| PROBLEM TO SOLVE |
In this exercise, copy exactly the lines from the one that contains "练腹肌器具_用器材练腹肌_练腹肌最有效的器材" through the end of the entries below; pictures are not copied.

=== INPUT MATERIAL ===

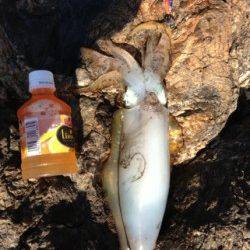 逢井の地磯でエギング ★510gの良型アオリ★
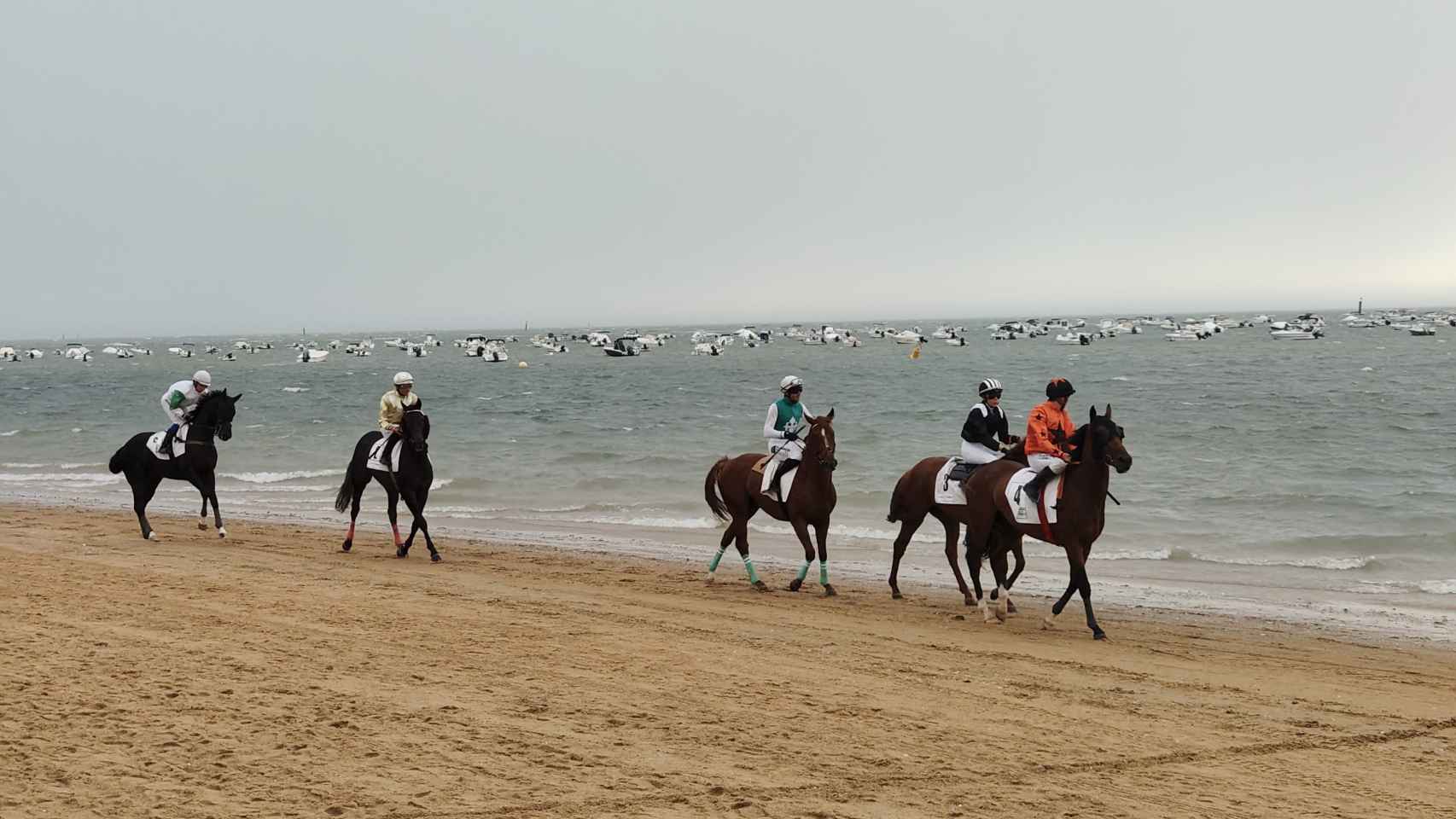 Imagen de entrada 2: caballos en la playa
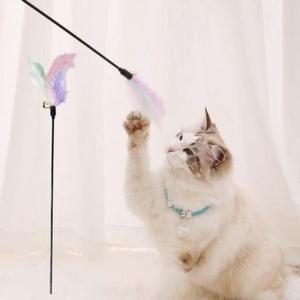놀이 고양이 캐주얼 장난감 무지개 필수템 깃털 낚시 (WFH5X73)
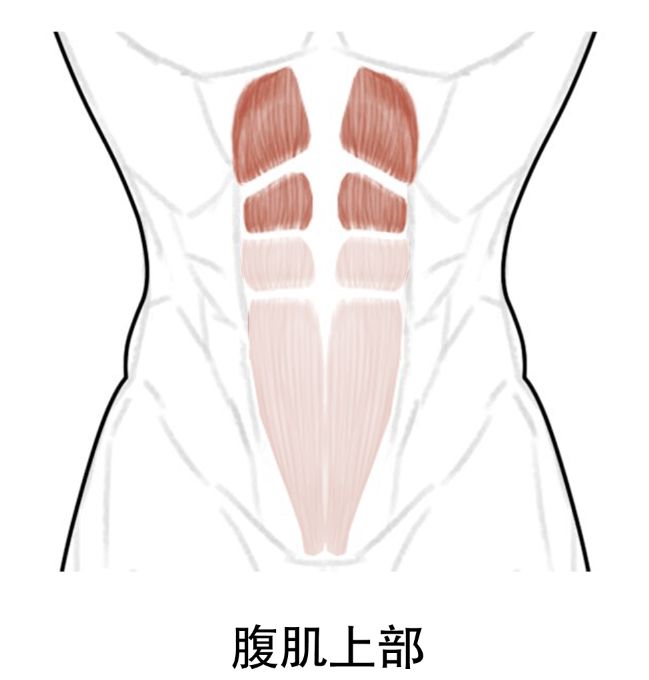 练腹肌器具_用器材练腹肌_练腹肌最有效的器材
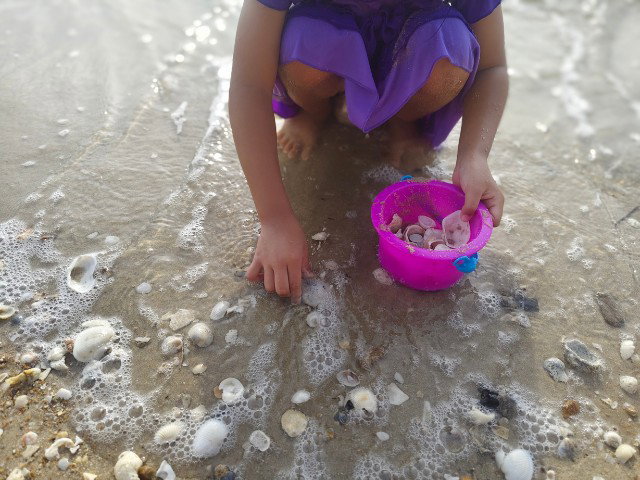 Mad Science | Zand en Zee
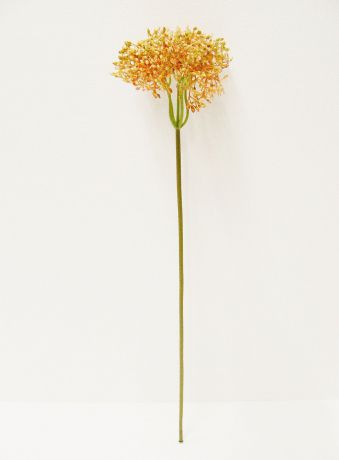Искусственные цветы Coneko 555345, оранжевый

===

| EXERCISE OUTPUT |
 练腹肌器具_用器材练腹肌_练腹肌最有效的器材
 Mad Science | Zand en Zee
Искусственные цветы Coneko 555345, оранжевый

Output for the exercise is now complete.